TEMPO.CO, Jakarta - Menteri Energi dan Sumber Daya Mineral (ESDM) Bahlil Lahadalia menyatakan pemerintah tidak keberatan mempensiunkan pembangkit listrik tenaga uap (PLTU) batu bara dalam rangka transisi dari energi fosil ke energi baru dan terbarukan. Namun, ia menekankan program tersebut membutuhkan biaya besar dan tidak bisa dilakukan tanpa dukungan pendanaan memadai. “Mau pensiun boleh, besok pagi saya pensiunkan,” ujar Bahlil dalam acara Pengesahan Rencana Usaha Penyediaan Tenaga Listrik (RUPTL) PT PLN (Persero) Tahun 2025–2034 di Kantor Kementerian ESDM, Jakarta, Senin, 26 Mei 2025.
Namun, Bahlil mempertanyakan apakah ada lembaga donor yang benar-benar bersedia membiayai program pensiun dini PLTU. Ia juga meminta wartawan menanyakan hal itu kepada bank-bank internasional yang mengklaim siap membantu Indonesia. "Tapi ada enggak dana donor yang mau membiayai? You kasih dong. Kalian wartawan juga tanyakan bank-bank dunia yang merasa mau kasih duit ke Indonesia. Kasih sini. Kasih uang bunga murah, ane pensiunkan," sambungnya.
Ia menilai tidak adil jika pemerintah didesak menghentikan PLTU tanpa kejelasan dukungan dana dari lembaga donor. Ia menolak pendanaan berbunga tinggi karena berpotensi membebani pihak lain. “Jangan sudah kasih teknologi tinggi, biaya tinggi, maksain lagi. Piye itu,” katanya.
Mantan Menteri Investasi ini menegaskan tidak ingin membebani rakyat dengan tambahan biaya, maupun meminta pemerintah memberikan subsidi atau mengurangi keuntungan PLN demi mempensiunkan PLTU. “Kita itu harus merah-putih. Harus tahu negara kita lagi apa kelebihannya, apa kekurangannya,” ujar mantan Ketua Umum Partai Golkar ini.

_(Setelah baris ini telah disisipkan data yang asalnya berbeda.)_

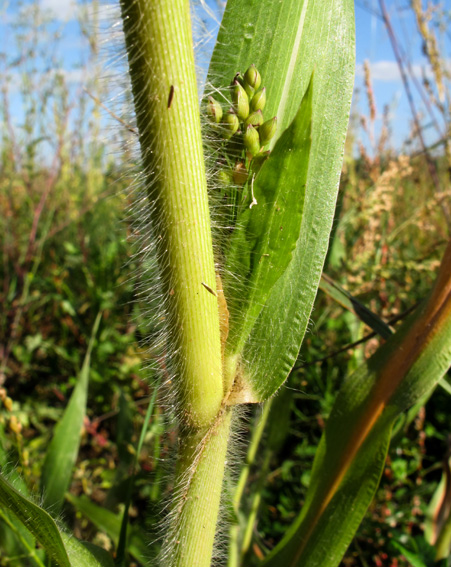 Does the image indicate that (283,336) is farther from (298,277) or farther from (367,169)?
(367,169)

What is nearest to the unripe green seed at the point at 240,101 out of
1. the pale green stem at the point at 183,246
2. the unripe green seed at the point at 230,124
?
the unripe green seed at the point at 230,124

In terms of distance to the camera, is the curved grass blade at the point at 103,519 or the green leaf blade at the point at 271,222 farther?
the curved grass blade at the point at 103,519

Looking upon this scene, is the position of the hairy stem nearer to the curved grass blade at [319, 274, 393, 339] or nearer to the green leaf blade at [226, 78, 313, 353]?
the green leaf blade at [226, 78, 313, 353]

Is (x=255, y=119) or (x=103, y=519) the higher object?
(x=255, y=119)

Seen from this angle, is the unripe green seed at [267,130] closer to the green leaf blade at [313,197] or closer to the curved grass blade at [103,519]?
the green leaf blade at [313,197]

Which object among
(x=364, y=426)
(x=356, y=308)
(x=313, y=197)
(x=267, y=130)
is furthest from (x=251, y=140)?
(x=364, y=426)

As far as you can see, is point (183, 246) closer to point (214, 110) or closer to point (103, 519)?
point (214, 110) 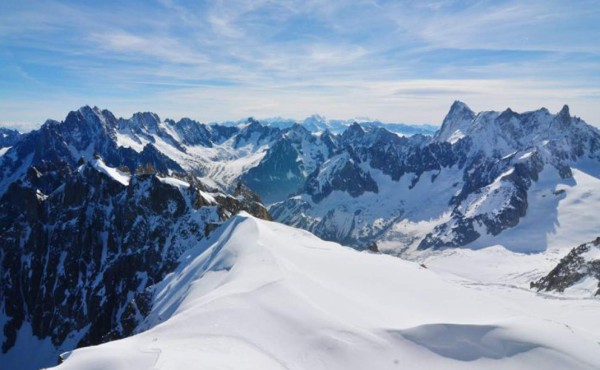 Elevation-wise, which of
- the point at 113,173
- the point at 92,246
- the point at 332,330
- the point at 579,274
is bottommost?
the point at 92,246

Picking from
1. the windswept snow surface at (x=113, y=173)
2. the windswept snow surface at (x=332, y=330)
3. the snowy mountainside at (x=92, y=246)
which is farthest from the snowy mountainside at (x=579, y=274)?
the windswept snow surface at (x=113, y=173)

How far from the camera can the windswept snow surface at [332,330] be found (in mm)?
29906

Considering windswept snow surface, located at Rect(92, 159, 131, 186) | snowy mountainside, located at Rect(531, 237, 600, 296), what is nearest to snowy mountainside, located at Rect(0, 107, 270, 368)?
windswept snow surface, located at Rect(92, 159, 131, 186)

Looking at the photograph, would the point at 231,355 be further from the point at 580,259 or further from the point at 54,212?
the point at 54,212

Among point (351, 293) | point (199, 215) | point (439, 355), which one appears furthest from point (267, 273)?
point (199, 215)

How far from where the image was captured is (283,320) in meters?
36.5

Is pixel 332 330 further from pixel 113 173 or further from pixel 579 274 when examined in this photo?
pixel 113 173

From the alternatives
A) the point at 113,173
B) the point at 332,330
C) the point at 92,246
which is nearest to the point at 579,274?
the point at 332,330

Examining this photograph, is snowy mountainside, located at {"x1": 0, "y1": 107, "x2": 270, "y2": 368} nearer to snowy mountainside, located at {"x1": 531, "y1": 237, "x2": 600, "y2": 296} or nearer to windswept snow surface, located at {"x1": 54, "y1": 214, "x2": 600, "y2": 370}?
windswept snow surface, located at {"x1": 54, "y1": 214, "x2": 600, "y2": 370}

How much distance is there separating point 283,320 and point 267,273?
13.0m

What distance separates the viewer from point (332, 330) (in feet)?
113

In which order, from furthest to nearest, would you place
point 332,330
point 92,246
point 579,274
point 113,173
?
point 113,173, point 92,246, point 579,274, point 332,330

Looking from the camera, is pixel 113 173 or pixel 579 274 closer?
pixel 579 274

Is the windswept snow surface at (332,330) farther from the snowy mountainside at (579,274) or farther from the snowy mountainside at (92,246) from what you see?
the snowy mountainside at (579,274) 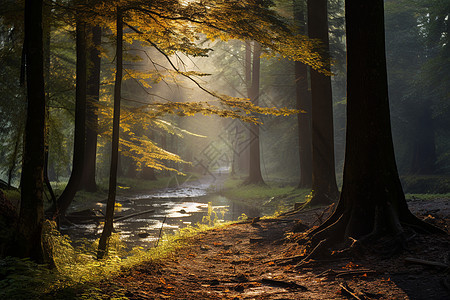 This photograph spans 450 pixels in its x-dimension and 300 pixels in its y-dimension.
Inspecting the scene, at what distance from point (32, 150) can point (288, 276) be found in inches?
170

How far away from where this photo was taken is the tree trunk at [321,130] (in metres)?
11.7

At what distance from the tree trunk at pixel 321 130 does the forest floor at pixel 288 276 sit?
4.27m

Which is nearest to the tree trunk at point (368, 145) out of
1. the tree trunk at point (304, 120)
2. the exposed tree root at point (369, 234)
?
the exposed tree root at point (369, 234)

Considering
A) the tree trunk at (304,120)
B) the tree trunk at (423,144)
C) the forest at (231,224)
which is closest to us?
the forest at (231,224)

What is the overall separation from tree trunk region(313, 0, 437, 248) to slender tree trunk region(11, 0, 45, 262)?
4.67 metres

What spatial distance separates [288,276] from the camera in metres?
5.48

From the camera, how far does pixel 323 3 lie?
1191cm

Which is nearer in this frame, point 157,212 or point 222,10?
point 222,10

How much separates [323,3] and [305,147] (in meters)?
8.24

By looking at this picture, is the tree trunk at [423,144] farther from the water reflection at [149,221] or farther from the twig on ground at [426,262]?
the twig on ground at [426,262]

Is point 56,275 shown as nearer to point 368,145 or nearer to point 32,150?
point 32,150

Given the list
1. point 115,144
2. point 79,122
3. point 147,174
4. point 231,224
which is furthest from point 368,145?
point 147,174

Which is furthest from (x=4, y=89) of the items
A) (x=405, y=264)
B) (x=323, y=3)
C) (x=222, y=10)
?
(x=405, y=264)

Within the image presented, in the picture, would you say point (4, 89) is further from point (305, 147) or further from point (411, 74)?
point (411, 74)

Lebih jauh, Bahlil menilai ada agenda tersembunyi di balik pertanyaan seputar pensiun dini PLTU. “Saya enggak mau terjebak dengan pertanyaan-pertanyaan, maksud-maksud di belakang batu itu, belakang meja itu. Saya ngerti itu sekali,” ujar lulusan Sekolah Tinggi Ilmu Ekonomi Port Numbay, Jayapura ini.
Sebelumnya, Bahlil menyampaikan Indonesia belum bisa menghentikan operasional PLTU jika belum ada kepastian pendanaan. Ia menyebut sejumlah lembaga keuangan memang menjanjikan pendanaan, tetapi belum ada realisasi konkret. “Kami disuruh paksa untuk pensiunkan PLTU, siapa yang membiayai? Dijanjikan ada lembaga donor yang membiayai, mana ada, sampai sekarang belum ada, zero,” ujar Bahlil dalam acara Mengakselerasi Pertumbuhan Ekonomi Indonesia: Tantangan dan Peluang di Era Baru di The Westin Jakarta, Kamis, 30 Januari 2025.
Ia menyebut Just Energy Transition Partnership (JETP) sebagai salah satu pihak yang berkomitmen mendanai pensiun dini PLTU. Namun, menurutnya, transisi dari energi fosil ke energi terbarukan tidak mungkin dilakukan tanpa kepastian pendanaan yang jelas.
Pemerintah menegaskan tidak akan menggunakan anggaran pendapatan dan belanja negara (APBN) untuk membiayai program tersebut. Pemerintah juga tidak ingin membebani PLN dengan penerbitan surat utang baru. “Masak dana APBN, atau PLN membuat bond baru lagi untuk membiayai itu,” ujarnya.